Modularity ensures that, if a new feature changes driver incentives, you add or replace a sub-model capturing that effect. Update the DAG so the new sub-model’s outputs link to downstream consumers. Re-run training procedures, verifying that each sub-model’s forward pass is still correct. If needed, gather new experimental data. Then re-run the end-to-end optimization. This incremental approach leverages the existing structure while integrating the new component with minimal disruption to other modules.
How do you handle unseen or rare events (for example, drastic changes in demand patterns due to unforeseen externalities)?
Build robust models that gracefully degrade. Techniques include hierarchical structures that rely on partial pooling across related categories or time periods. During optimization, apply constraint buffers to ensure decisions don’t overly rely on uncertain forecasts. If possible, keep a fallback or override mechanism that triggers a simpler rules-based approach if predictions become too uncertain.

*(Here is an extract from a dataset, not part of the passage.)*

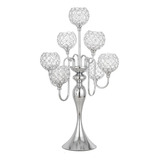 Candelabro De Cristal Y Metal Plateado 70cm Alto Y 7 Brazos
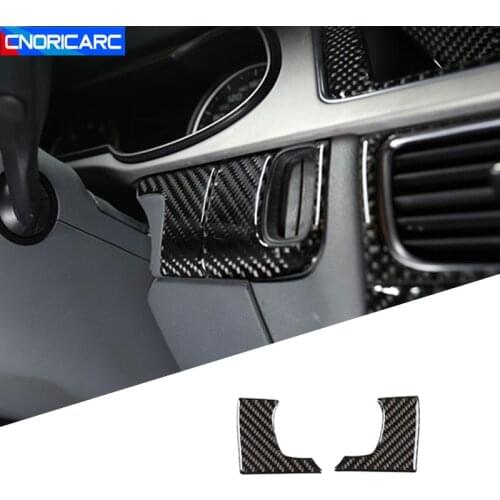 Car Keyhole Side Panel Cover Decorative Frame Trim For Audi A4 B8 A5 2009-2016 Carbon Fiber Style Stickers Auto Accessories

Meanwhile, gather new data whenever these rare events happen and incorporate them to improve future predictions.
How do you ensure the optimization is not over-fitting to short-term data patterns?
Use backtesting across multiple time windows and, if possible, block-based cross-validation. Ensure the loss function includes regularization terms that penalize unrealistic parameter values. Evaluate decisions with different historical slices to see if recommended actions vary wildly. If so, impose smoother constraints (for instance, limiting daily changes in incentives). Also run consistent holdout validations and watch if the model’s performance drifts significantly over time.
How do you debug gradient-based optimization if the solution fails to converge or gives erratic results?
Check if the loss function is too flat or too steep in certain regions. If the gradient is exploding, reduce the learning rate. If the gradient is vanishing, re-scale inputs or outputs. Ensure the indexes match properly so broadcasting occurs in expected dimensions. Inspect partial derivatives of each sub-model to identify anomalies. Add gradient clipping if needed. Sometimes switching to a different optimizer (Adam vs. SGD) or changing initialization can help. Also verify constraints are not so tight that the feasible region is nearly empty.
How do you measure the financial or operational impact of your final recommendations after deployment?
After making recommended decisions, measure actual outcomes and compare them to the model’s predicted outcomes. Compute regret by contrasting the model-based decision with an ideal ex-post decision that uses observed data. If the difference in objective is small, your system performed well. If it’s large, investigate which sub-model or assumption caused the largest error. Log all important metrics (driver hours, prime-time, profit) for retrospective reviews. Present these results to stakeholders to maintain confidence in the system and guide future improvements.